Your assignment: Skipping any pictures, repeat exactly and only the lines from the one that holds "Alexander McQueen Alexander" to the last line of the material, both included.

Information shown:
⟨

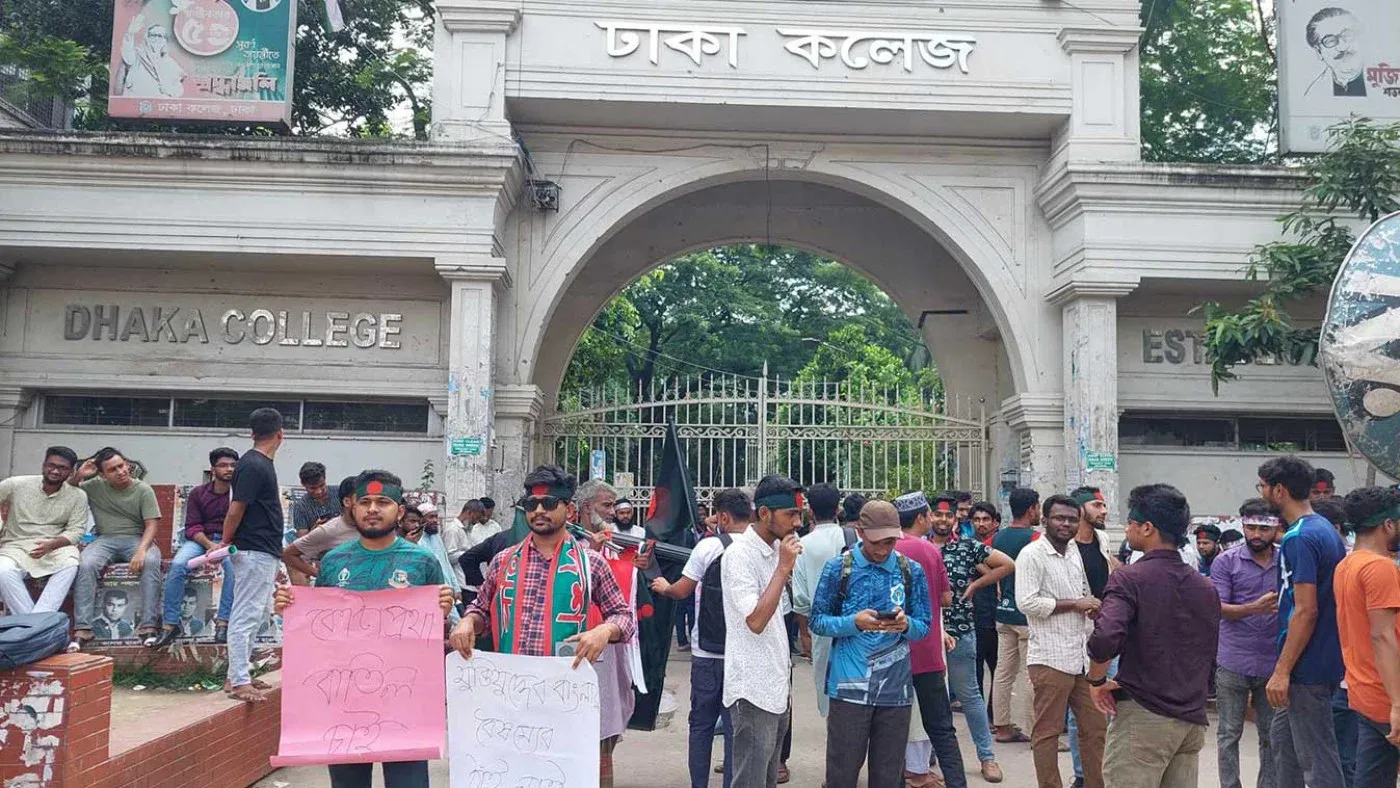 শাহবাগ ও সায়েন্সল্যাব মোড় অবরোধের প্রস্তুতি শিক্ষার্থীদের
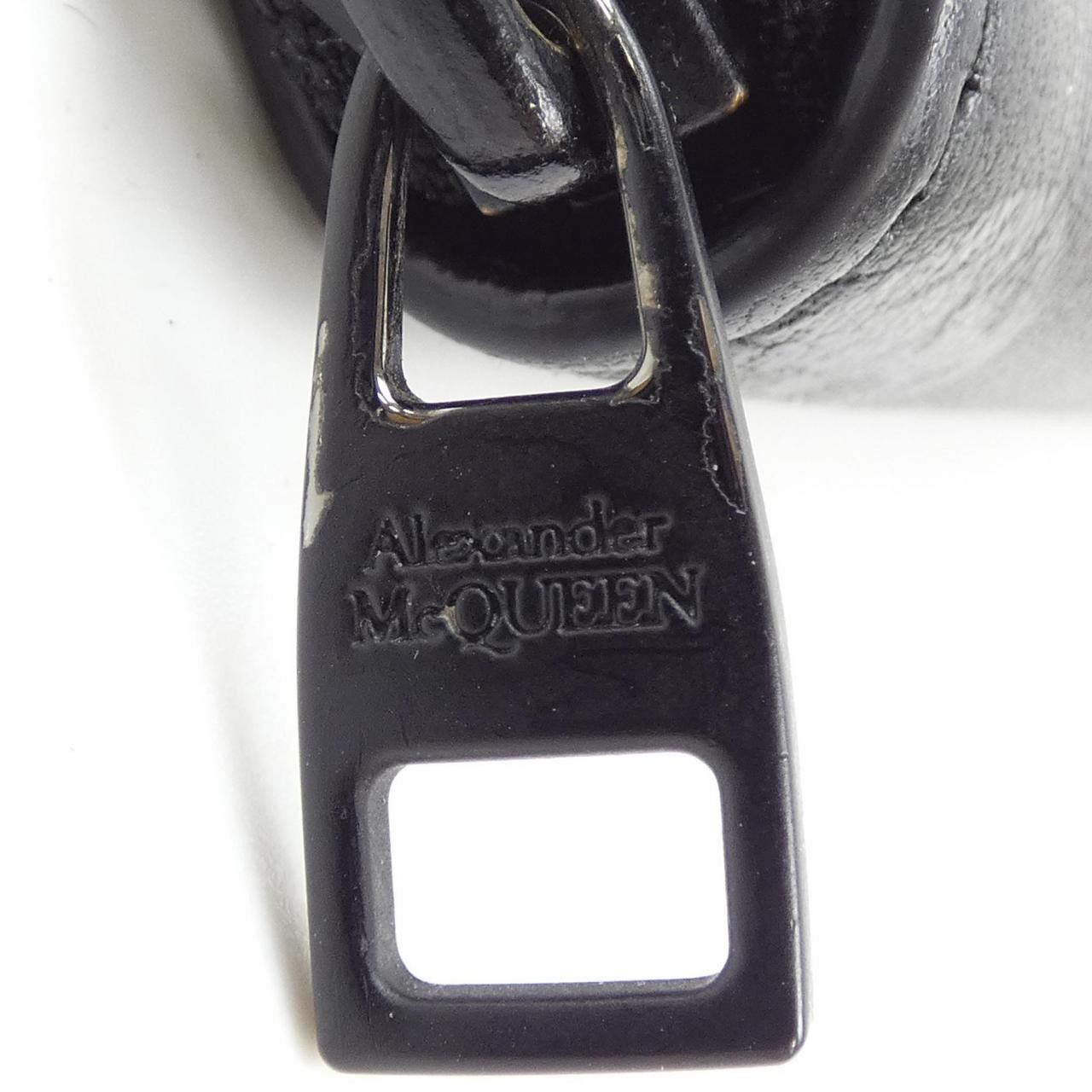 Alexander McQueen Alexander McQueen Alexander McQueen COIN&CARD CASE Coin Case Leather Coin Case 647193486430 DUTY FREE for USA Size ONE SIZE - 3 Thumbnail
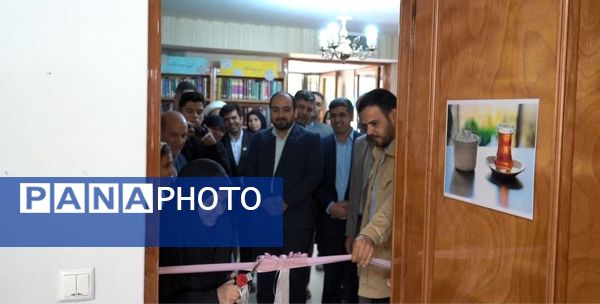 افتتاحیه کافه دخترونه در کانون فرهنگی پانزده خرداد مشهد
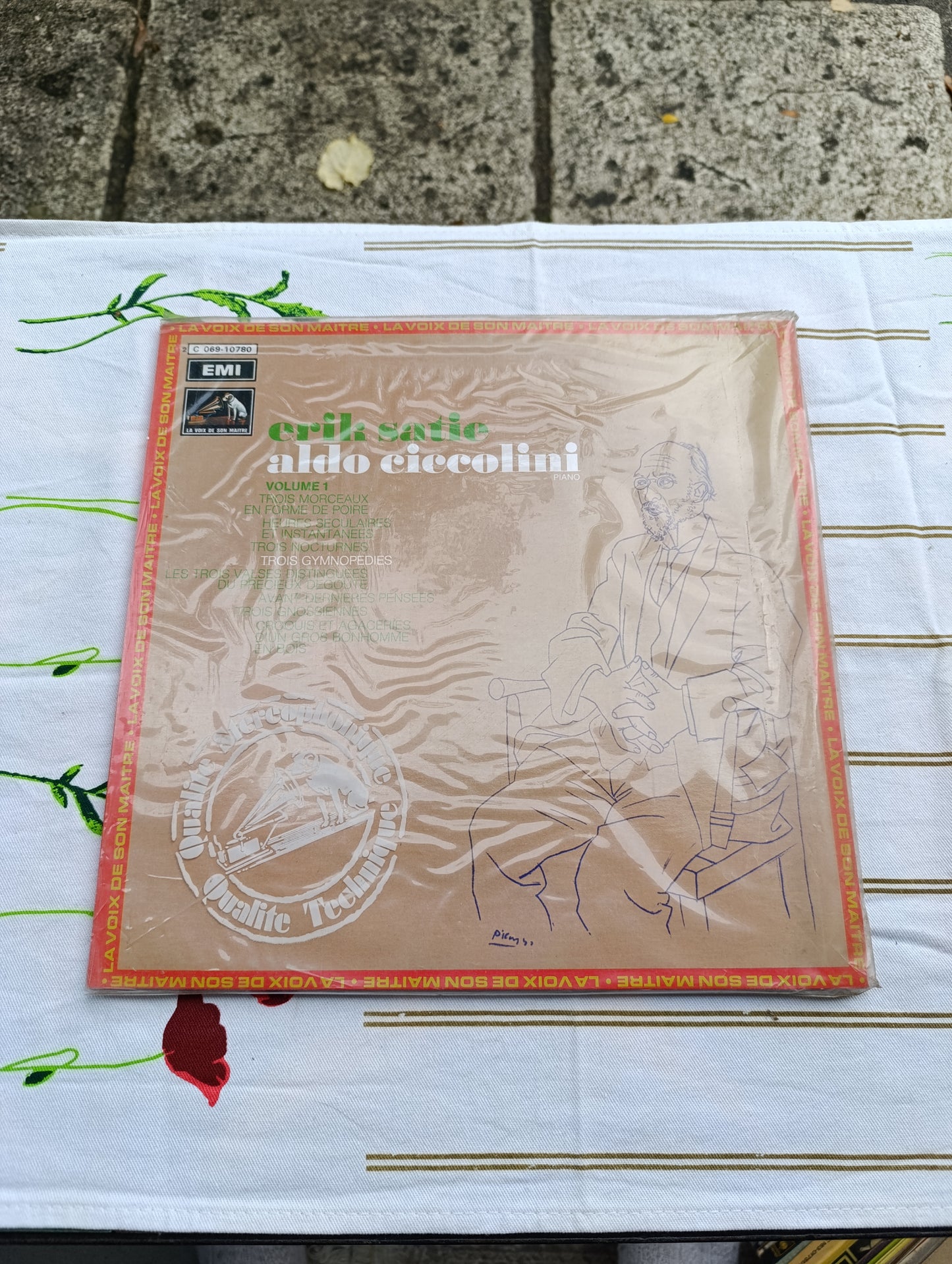 Vinyle Erik Satie – Aldo Ciccolini – Volume 1 – La Voix De Son Maître – EMI C 063-10780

⟩

Result for this task:
 Alexander McQueen Alexander McQueen Alexander McQueen COIN&CARD CASE Coin Case Leather Coin Case 647193486430 DUTY FREE for USA Size ONE SIZE - 3 Thumbnail
 افتتاحیه کافه دخترونه در کانون فرهنگی پانزده خرداد مشهد
 Vinyle Erik Satie – Aldo Ciccolini – Volume 1 – La Voix De Son Maître – EMI C 063-10780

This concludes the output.